Urban forest inspection doesn't wait for a clean desk. A call comes in — a large Urapán on Calle 72 is leaning over a school roof after overnight rain — and within forty minutes a silviculture technician has to be on site, assess the situation, document everything to legal standard, and decide whether to authorize emergency intervention before anyone gets hurt. The "Acta de visita SDA" template exists for exactly that moment.
The Price of Incomplete Field Records
The SDA's SIGAU system is unforgiving about documentation gaps. An inspection that isn't tied to a proper Número de Acta, stamped with precise coordinates, and linked to a SIRE event number can be challenged — by the property owner, by a contractor looking to avoid a compensation obligation, or by an internal audit that finds the intervention sequence doesn't match the timeline in the record.

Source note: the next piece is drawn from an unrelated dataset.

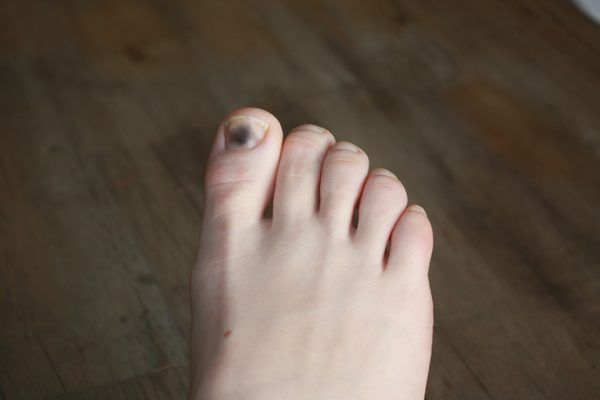 Dark, brittle or thick toenails can be caused by a number of irregularities in the nail bed, including trauma, fungal infections and ingrowth. Some will heal with time, but others may need doctoral intervention. The best ways to prevent irregularities are to trim the nails regularly, avoid acrylic nails, and wear the correct shoe size.... Dark Toenails, Nail Disorders, Toenail Health, Black Toe Nails, Nail Remedies, Acrylic Nail Liquid, Nail Infection, Fungal Nail, Nails Today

The most common failure point isn't dishonesty. It's that technicians arrive at a site with a wet notebook, or trying to capture coordinates from memory on the way back to the office, or realizing they forgot to note whether the NIT on the authorization matches the one in the pending intervention file. By the time the formal acta gets written up, details are soft and the SIGAU code has to be verified against field notes that may or may not reflect what was actually seen.
A technician who works a full inspection cycle in Bogotá — covering multiple localidades in a single day, each with its own UPZ, each generating its own acta — can have four or five incomplete records waiting for office reconstruction by end of shift. That debt accumulates fast.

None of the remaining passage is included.